- Mudkechula Location in Nepal
- Coordinates: 29°04′N 82°33′E﻿ / ﻿29.07°N 82.55°E
- Country: Nepal
- Province: Karnali Province
- District: Dolpa
- Wards: 9
- Established: 10 March 2017

Government
- • Type: Rural Council
- • Chairperson: Mr. Datta Bahadur Shahi (NCP)
- • Vice-chairperson: Mrs. Sabita Rokaya (NCP)

Area
- • Total: 250.08 km^{2} (96.56 sq mi)

Population (2011)
- • Total: 5,129
- • Density: 21/km^{2} (53/sq mi)
- Time zone: UTC+5:45 (NST)
- Headquarter: Narku
- Website: mudkechulamun.gov.np

= Mudkechula Rural Municipality =

Mudkechula (मुड्केचुला गाउँपालिका) is a rural municipality located in Dolpa District of Karnali Province of Nepal.
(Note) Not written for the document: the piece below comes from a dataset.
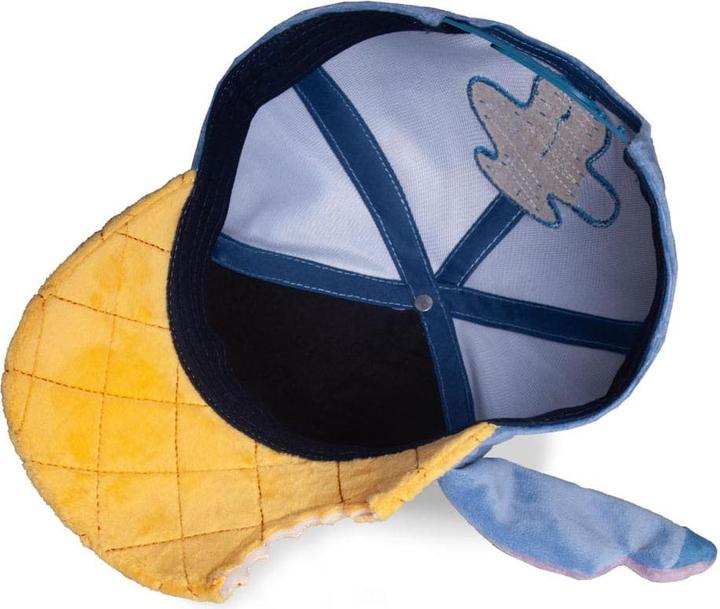 Actual product image Difuzed Lilo & Stitch Baseball Cap Pineapple Stitch (One size)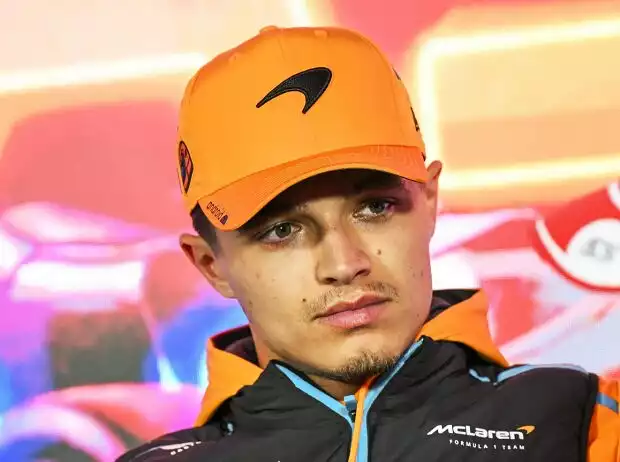 Lando Norris Titel-Bild zur News: Lando Norris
The rural municipality is divided into total 9 wards and the headquarters of the rural municipality is situated at Narku.

==Demographics==
At the time of the 2011 Nepal census, 99.6% of the population in Mudkechula Rural Municipality spoke Nepali and 0.4% Sign language as their first language.

In terms of ethnicity/caste, 53.1% were Chhetri, 18.3% Thakuri, 11.2% Kami, 10.3% Sarki, 4.2% Damai/Dholi, 2.3% Magar, 0.3% other Dalit and 0.3% others.

In terms of religion, 99.8% were Hindu and 0.2% Christian.